It is worth noting that LOD values are regarded as true activity concentrations as of 2001 [20, 42]. For example, the radioactivity concentration of 137Cs, which is a key nuclide and an alpha-emitting fission product in DAW, is too low to detect, and consequently causes an overestimation of the activity concentration of DTM nuclides. However, the impact of overestimation is considered to be negligible compared to the concentration limit of the disposal facility. This is a distinctly different viewpoint from the aforementioned French and German experiences.

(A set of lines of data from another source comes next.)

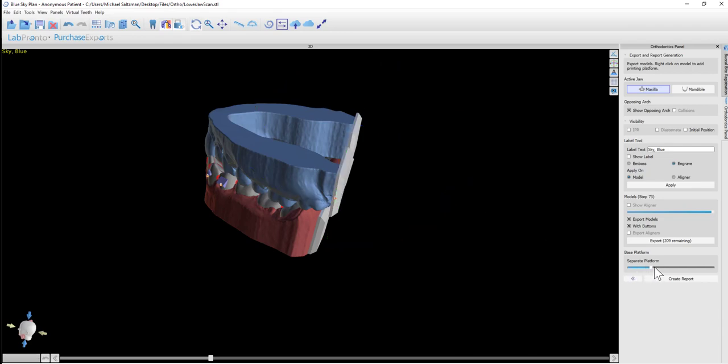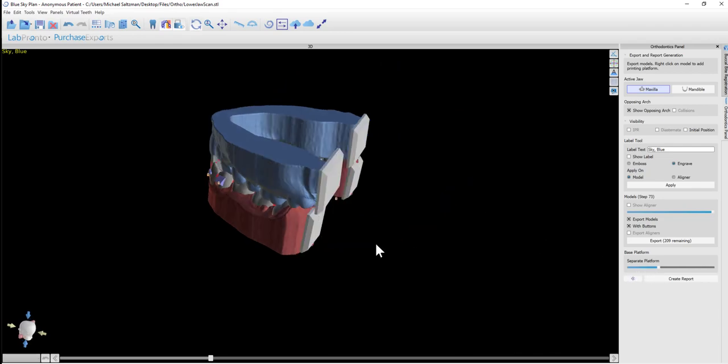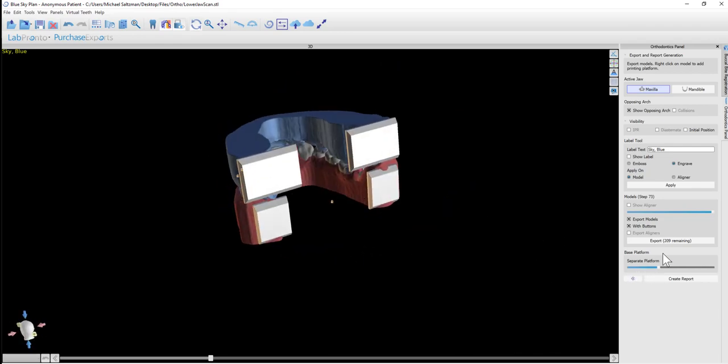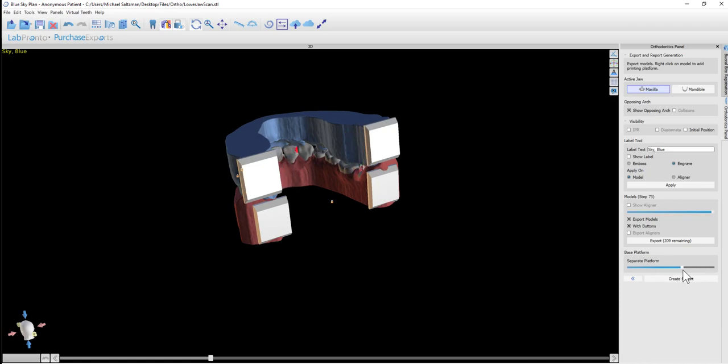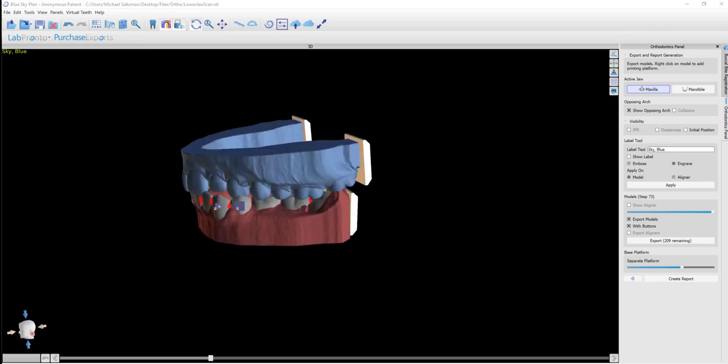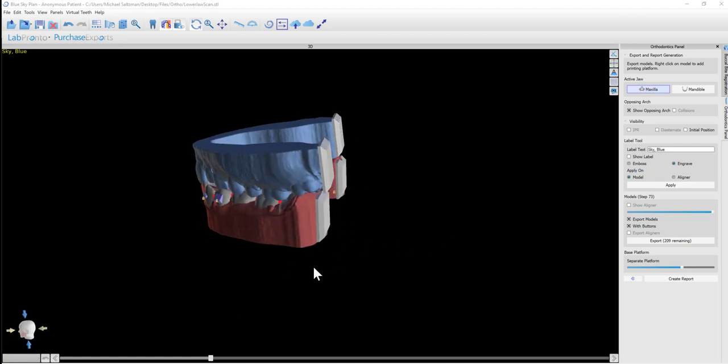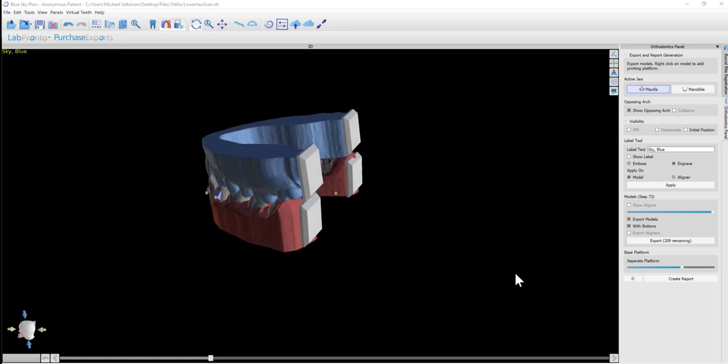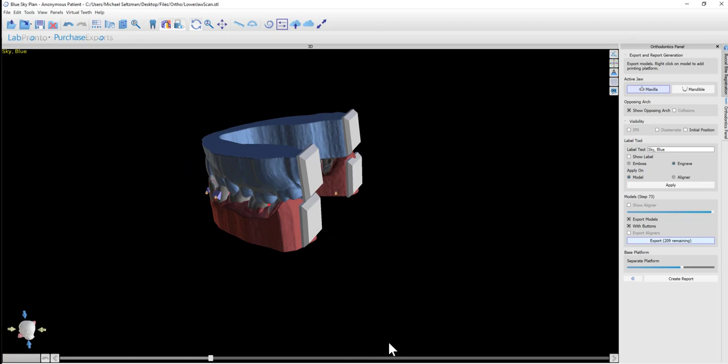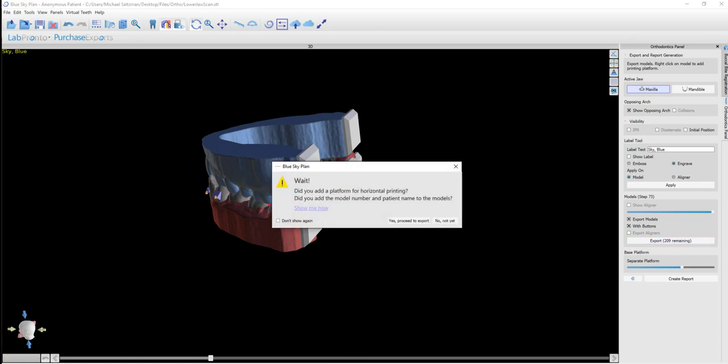We could go ahead and add a platform to the maxilla the same way and again fine-tune the positioning. If we like, we could go ahead and separate the platform. Once we've embossed or engraved the label and the model number on both models and once we've added the platforms to both models, we could go ahead and click on Export.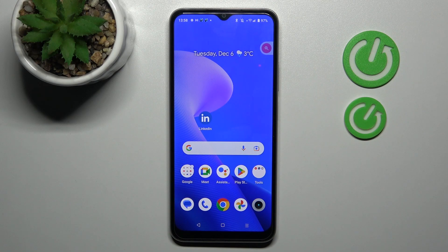Welcome. Today I'm showing you how to switch on or off screen touches in the screen recorder on your Realme C33.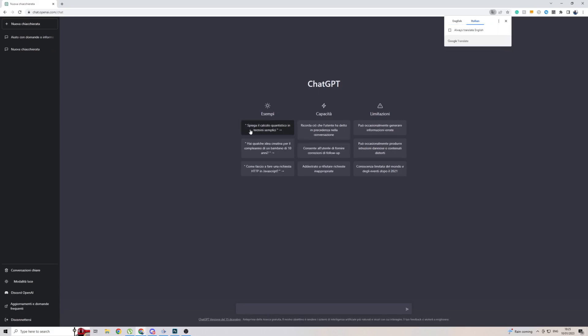And as you can see, the text right here, Translate to Italian. If you speak Italian, you will understand what this means. I don't speak Italian, so I don't know, and that's why I use English.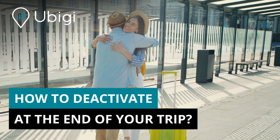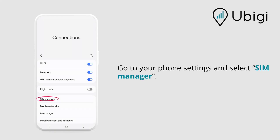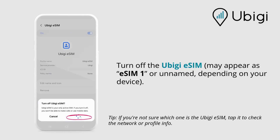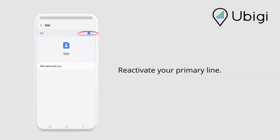How to deactivate at the end of your trip. Go to your phone settings and select SIM Manager. Turn off the UBG eSIM — it may appear as eSIM1 or unnamed, depending on your device. Reactivate your primary line.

The applicability of the SF method is determined by performing a hypothetical test of the correlation coefficient, as described in detail in Section 2. The arithmetic mean is adopted for the SF calculation by the requirement of the regulatory authority, although the nuclear industry sectors in Japan recognize that the geometric mean is more appropriate. They use the generic SF, and the same SF is used if the new SF is not greater than 10 times the existing SF. To this end, annual sampling from every power plant is carried out for radiochemical analysis.

3.5 Korea

In Korea, the radioactivity concentration of 14 nuclides (3H, 14C, 55Fe, 58Co, 60Co, 59Ni, 63Ni, 90Sr, 94Nb, 99Tc, 129I, 137Cs, 144Ce, and total alpha) should be identified to classify the waste for disposal [10]. SF values should be determined conservatively to ensure that the predicted radioactivity is not underestimated. From 2002 to 2005, the first campaign of extensive sampling and radiochemical analysis for 255 samples from 13 different power plants was carried out to develop the first Korean SF [36, 56, 57]. The first Korean SFs were classified by reactor types, plant sites, and six types of waste forms: evaporator bottoms, primary spent resin, secondary spent resin, sludge, spent filter, and DAW. After two years, from 2007 to 2008, the second campaign was conducted to obtain 337 samples from 20 different plants to verify the first Korean SF and to compensate for the insufficient data for some nuclides [57]. To enhance the reliability of SF, the radiochemical data obtained from the first and second campaigns were unified and Korean SF was determined.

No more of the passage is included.